How about trying the grade skip and if it doesn't work out, she can always come back to the comforts and security of 5th. It is a big transition to middle school so I can understand the trepidation. I've read cases where kids don't do well with grade skip but also know cases where it has been highly successful. K is also petite so I worry about this but she knows a 6th grader currently who is petite as well and is doing well in her grade. In the end, maturity probably matters more than size.

Jenny P. said...

I'm sure she will be just fine :) My son did not skip a grade, but he was accelerated a grade in math from 1st grade on. When he was in 5th grade, the school transported him to Middle School for 6th grade math - the schools are only a few minutes apart, so it was a short cab ride for him. Once in 6th grade, he was accelerated to 8th grade accelerated math - he is now in 7th grade, and just finishing Algebra 1. He is young for his grade (June birthday), and also the shortest kid - but that has never bothered him. We might have considered skipping a grade, but he school were great about accelerating him in math (his strongest subject), and he was perfectly content, so we didn't bother. The school district always had a "gifted" Elementary school, but we didn't send him there, either. However, the year he entered Middle School, they started a new "Honor's Program" in the district, at his Middle School, which is the full time gifted program. So - we got lucky without the grade skip ! I look forward to seeing how your daughter fares in 6th grade !! :)

JL said...

Other option is to keep her in 5th so she can go to her graduation, camp, etc. and supplement like you have been doing. She can always grade skip later if she wants. It might be easier to grade skip after she has made the transition to middle school. Let her enjoy being a kid!

Ticia said...

It's a hard decision for sure. That is one thing I like about how we're homeschooling, we're able to mix and match according to actual abilities. I'll be praying she can get into the STEM school.
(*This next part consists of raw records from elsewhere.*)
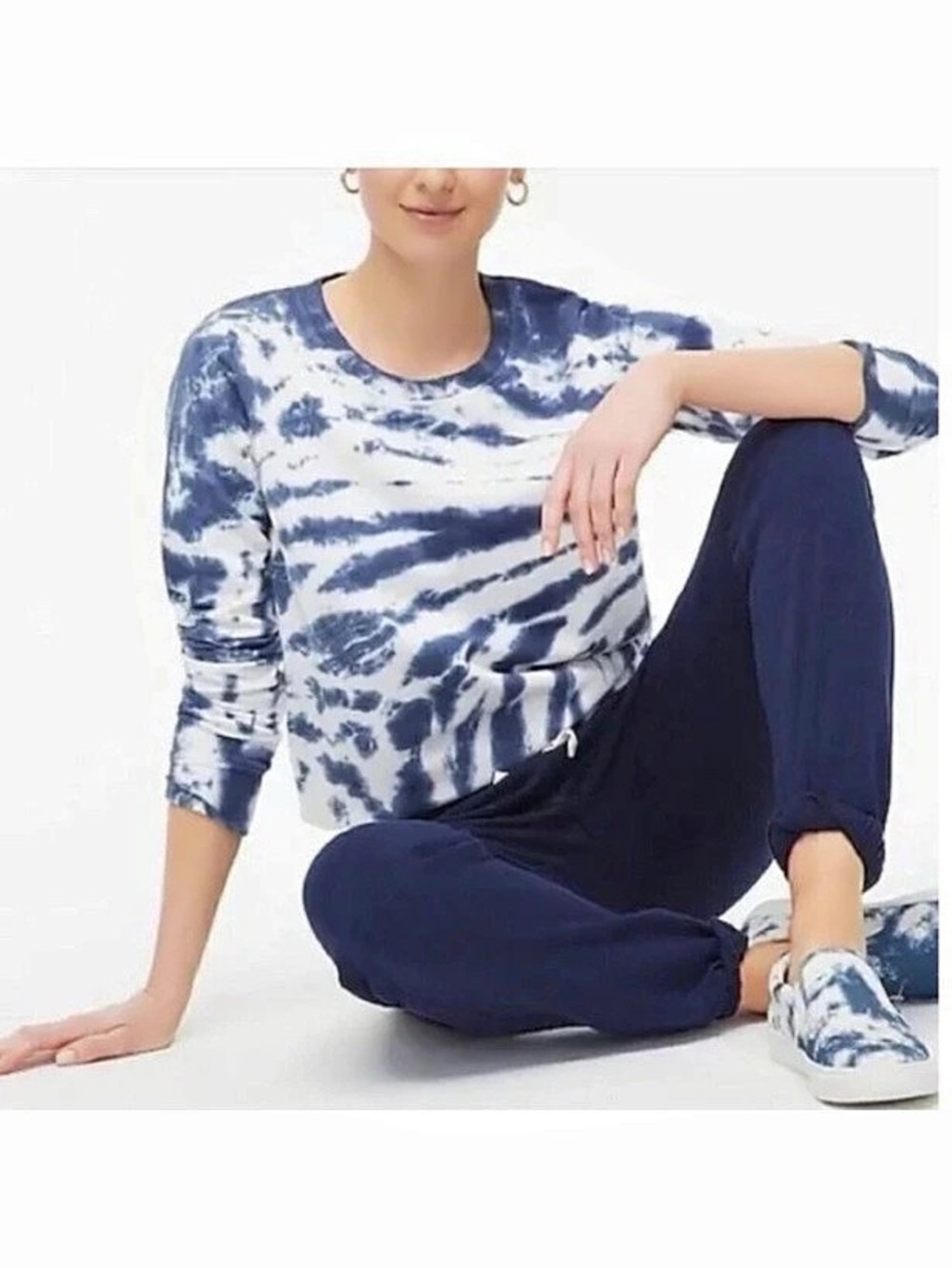 J.CREW Tie-dyed crewneck sweatshirt Blue & White Medium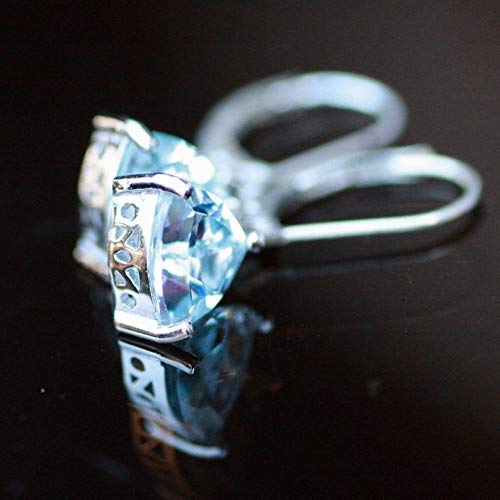 Natural Sky Blue Topaz Earrings Sterling Silver 925 - Healing Gemstone Jewelry, December Birthstone Gift for Women - Perfect for Holidays, Weddings & Special Occasions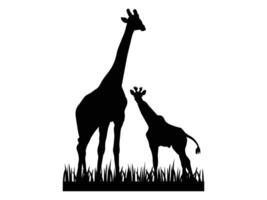 Silhouette Giraffe Tier Mutter Tag eben Design vektor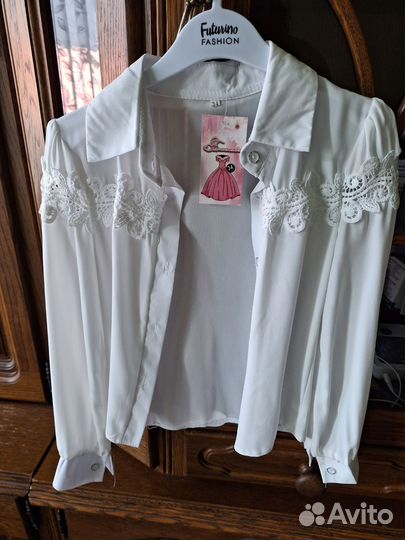 Блузка белая школьная 122 128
An Almost Unschooling Mom said...

Wow, that is a hard one. I wish I had some excellent advice - but I'm sure you'll do what's best for Smarty no matter which school, or grade she ends up in.

Julie said...

What a tough decision! I think with this new school option, where her friends in 5th will be there and she already knows some 6th graders, she may be just fine. If she were going to a neighborhood school, I may have to agree with you and push to keep her in 5th, and then maybe skip 6th or 7th instead. We did the grade acceleration for math in 5th grade but he was able to do the 6th grade math course online so there was no need to leave the school. I will say that in 6th grade, the content gets a lot older a lot faster. For example, they watched CNN Student News Network and discussed many of the news stories, health class covered drugs, alcohol, etc. There's just a different atmosphere in middle and the kids are treated at an older level, if that makes sense. It's been fine and C was totally ready for that. But it's something to consider. Maybe look into the curriculum for the different classes in that school and see what you think.